It's essentially life support for the heart and lungs and can be a startling sight for the novice. In the ensuing months, Brim knew if the pandemic reached Utah, she and her colleagues will be called upon to help fight the respiratory virus. But as the winter months moves towards early spring, Brim's battles were closer to home with the growing anxiety she saw in her community.

Nurse Brim: And then come March was like, okay, well, what's going to happen? And by, you know, I kind of refused to give into any anxiety or craze or worry about it for quite a while. Like didn't stock up my pantries, wasn't doing that. I was like, "I'm not going nuts at Costco. I am not buying toilet paper. It's fine. We're fine. I don't need all this food."

Stephen: And then things got real. Her husband was told to work remotely from home. Her daughter's school sent her home for the remainder of the semester. Brim's anxiety started to climb as she worried about bringing the virus home to her husband and daughter. She knew the Medical Intensive Care Unit, the MICU was on the frontline caring for COVID-19 positive patients. She also knew that sooner or later she will be part of that same fight.

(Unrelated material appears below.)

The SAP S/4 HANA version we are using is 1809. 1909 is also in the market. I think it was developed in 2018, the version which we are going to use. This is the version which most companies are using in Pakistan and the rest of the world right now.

On March the 18th, a 5.7 earthquake hit Salt Lake City, escalating Brim's anxiety. "Is this the apocalypse?" her husband jokingly asked her. Brim wasn't amused. Then several days later, she got the assignment she had been expecting. She was sent to the MICU to oversee care for the first COVID-19 positive patient her unit would work on, Justin Christiansen, a 42-year-old Iraqi war veteran from Grantsville, Utah.

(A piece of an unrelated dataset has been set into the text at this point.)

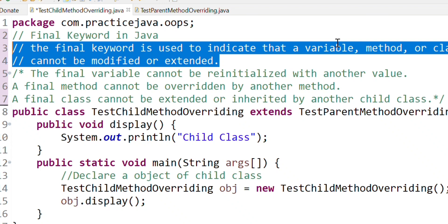If we add a variable with the final keyword, it indicates that the variable's value has been fixed. So why do we declare a variable as final? No one can change the value of that variable. We call that variable a final variable.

Justin was on DV ECMO, which was supporting his ailing lungs by pumping out his blood from a large vein in his neck, oxygenating it, and ventilating the CO2, then pumping it back into the same vein. That's what the VV means. Veno-venous, using the same vein. This gives lungs brutalized by both the virus and the medical treatment trying to defeat it a chance to rest. But Justin's oxygenator box needed to be replaced, which meant the life-saving tubes in his neck had to be clamped. With the VV ECMO clamped, oxygenated blood was no longer circulating to his lungs, which were drowning in thick secretions from the virus.

Nurse Brim: So we were up there in a foreign land of MICU corner pocket, negative pressure room, and I wasn't in there, so I was the charge nurse. So I stood at the doorway and like did a lot of looking in and answering questions for the nurse and passing in supplies. And because the second they put in that ECMO, it's us. And the MICU is great and they want to help, but they're like, "This is not what we do. This is what you do." And our team to our doctors take over taking care of them.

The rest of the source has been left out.